Income fill vs. Credit transaction

I receive an income several times a month (apart from my regular job) that will fill one envelope. What are the pros and cons of making it an income fill transaction verses just a credit transaction. I think I know the answer, but not positive and would like to hear from others. Thanks!

I’m curious too, and I suspect the biggest difference is in your reports. I don’t think a credit shows up as income, so your income-to-spend ratio would look wonky. I only think of credits as offsets to charges—an item I returned, a rebate on a purchase, etc. When “new” money comes in I always record it as income, although I suspect either one would affect your balances equally.

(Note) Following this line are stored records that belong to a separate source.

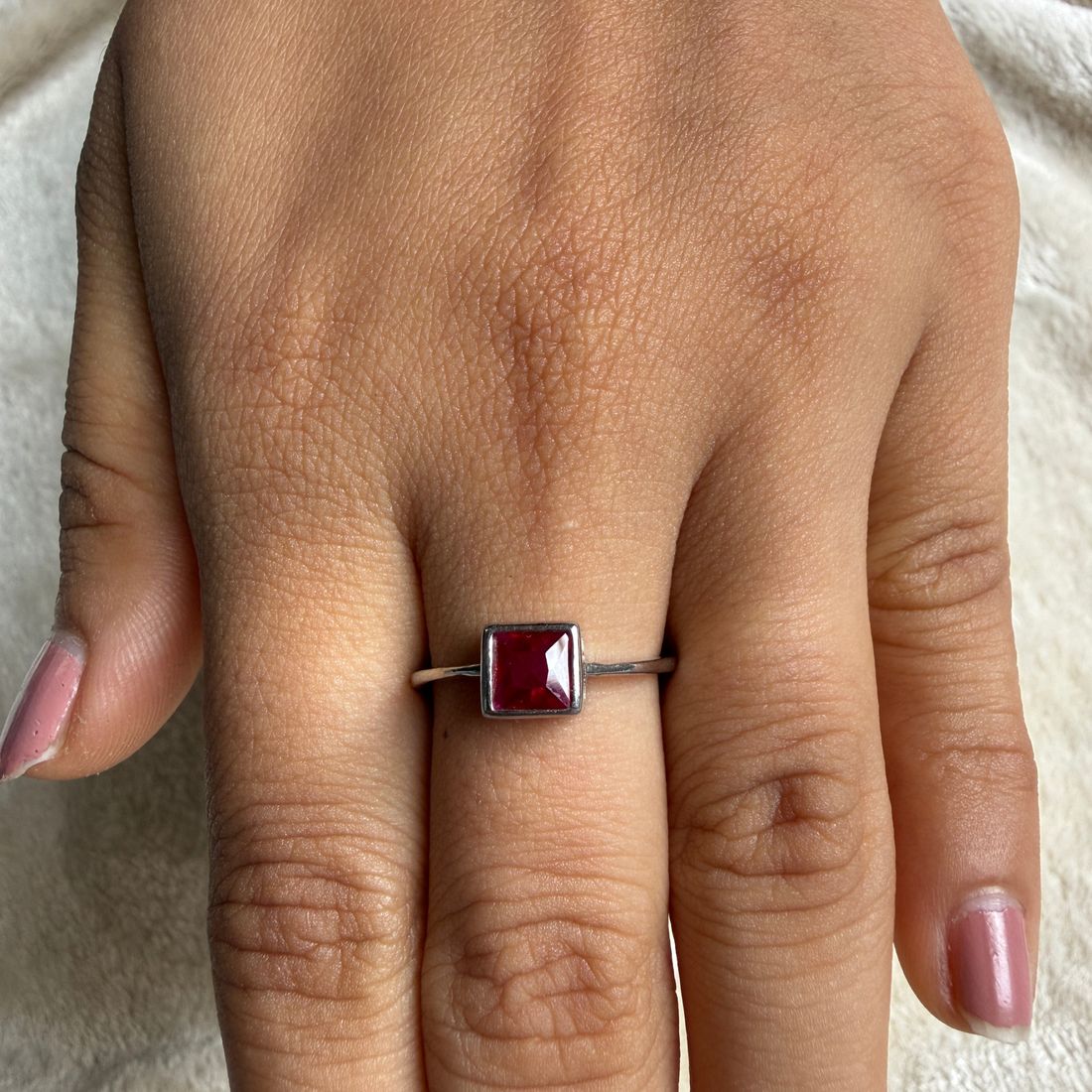 Red princess-cut gemstone solitaire ring in white gold by Kiashaa Jewellery.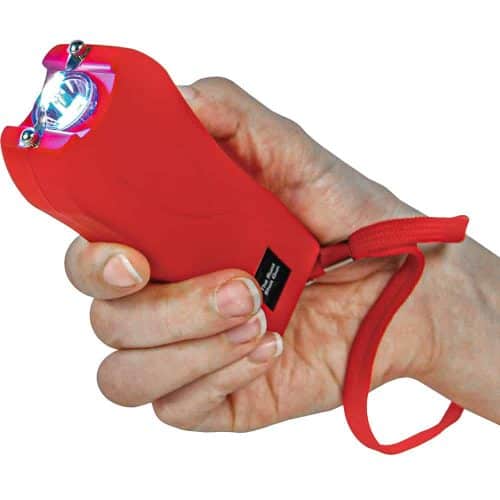 Red stun gun in hand showing bright electric current for self-defense.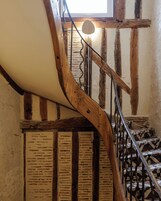 Una escalera espiral de madera con barandilla de metal, que conduce a una habitación con paredes de ladrillo visto y un ventanal.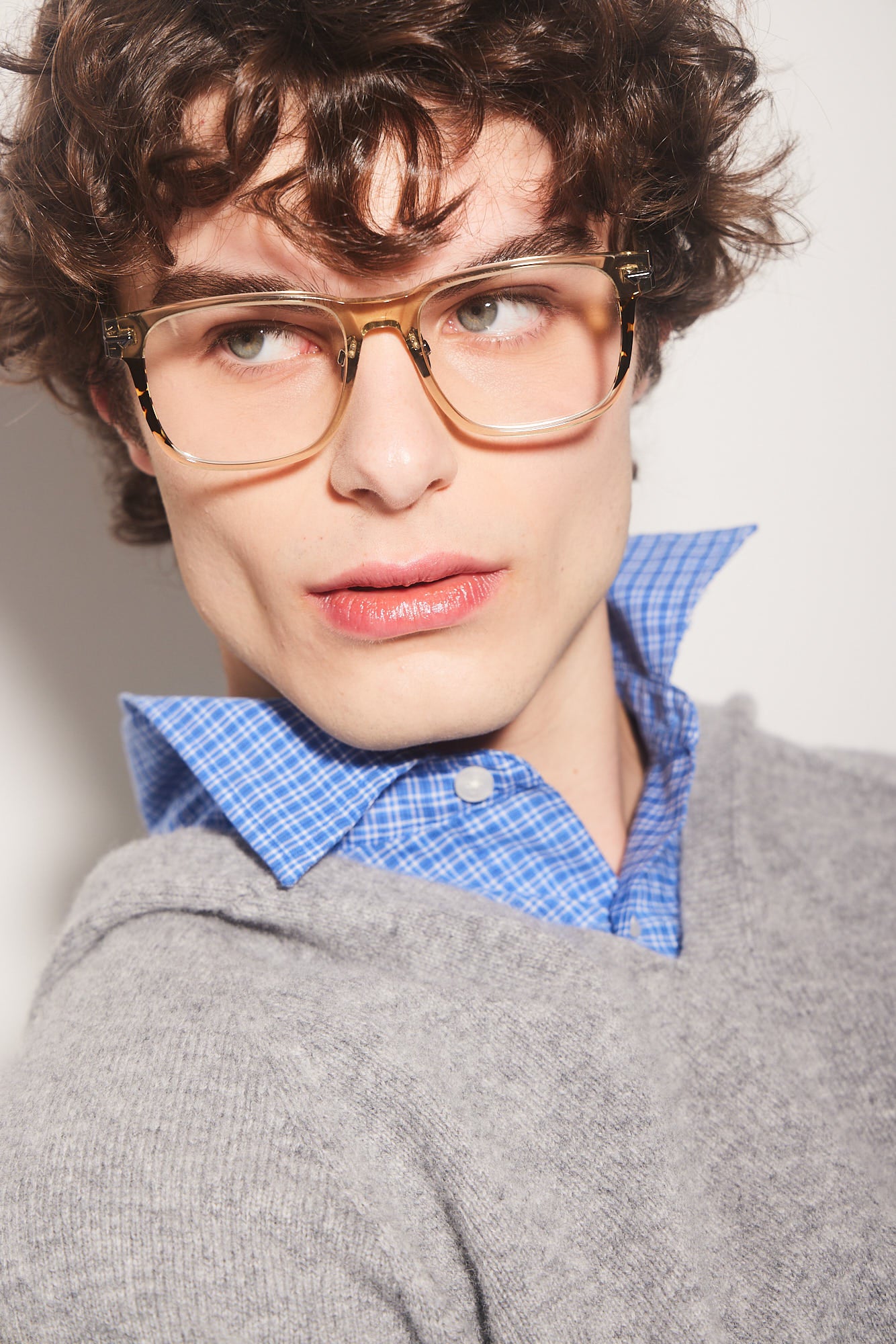 A close-up portrait of a person with curly brown hair wearing, oversized square khaki acetate eyeglasses with tortoiseshell accents, a blue checkered button-up shirt, and a gray knit sweater against a plain light background.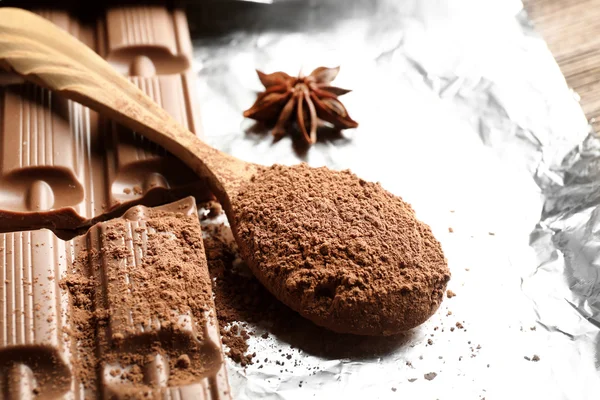 Bar of chocolate with cocoa and star anise on foil, closeup — Stock Photo, Image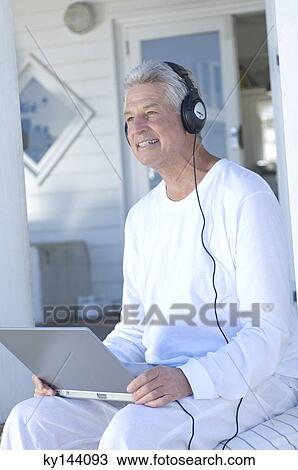 Man with headphones using laptop View Large Photo Image Stock Image - Man with headphones using laptop. Fotosearch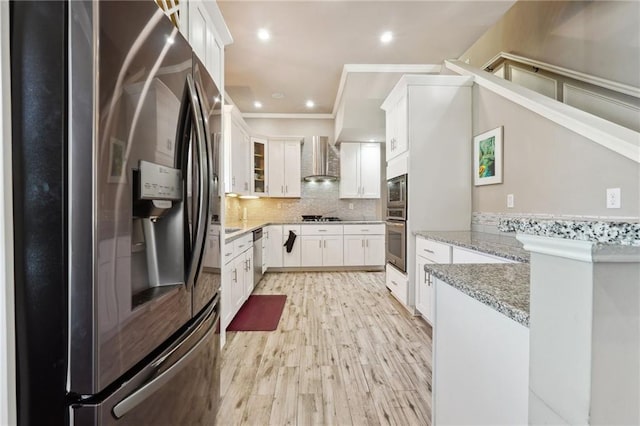 kitchen featuring appliances with stainless steel finishes, tasteful backsplash, light stone countertops, wall chimney exhaust hood, and white cabinets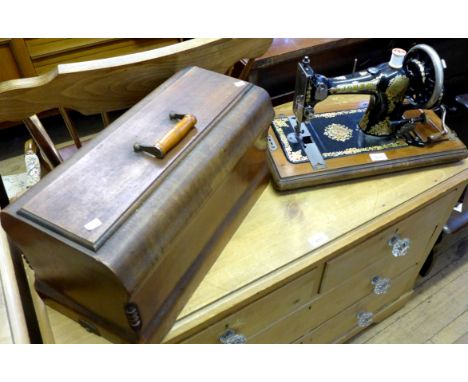 A vintage Jones manual sewing machine.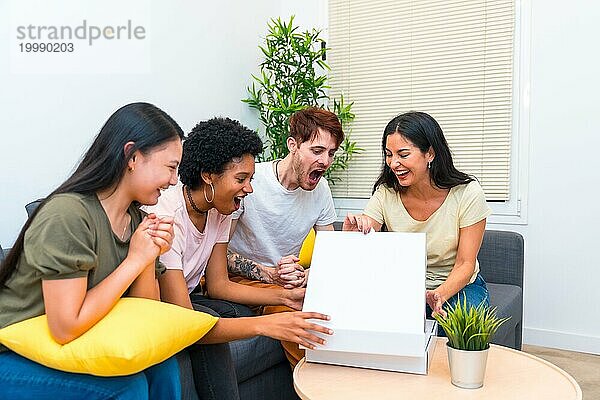 Glückliche multirassische Freunde sitzen auf einer Couch und öffnen einen Pizzakarton  um zu Hause zu essen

Thank you Tiffany for your input!

Tiffany’s comment highlights the main difference: your Reports will be different. In addition to the Income v Spending Report she mentioned, your other Spending Reports will also all look different, because Credits decrease the amount of Spending that accumulates for the purposes of those Reports. In an extreme case, if you recorded all of your yearly Income as Credits, and made more than you spent, your Spending Reports would be completely blank!

Another issue involves the calculations for certain Envelopes. For example, Annual and Goal Envelopes with Due Dates calculate the budgeted amount based off the amount you’ve Filled in the past, rather than off the current balance. Because Credits aren’t Fills, they’ll never show you as having saved any amount, and will prompt you with incorrect budgeted amounts.

Because of these reasons (and I might even be missing some other smaller ones that I couldn’t think of off the top of my head), generally we don’t recommend using Credits for anything other than reimbursements or refunds.


Thank you Alex for your thorough explanation!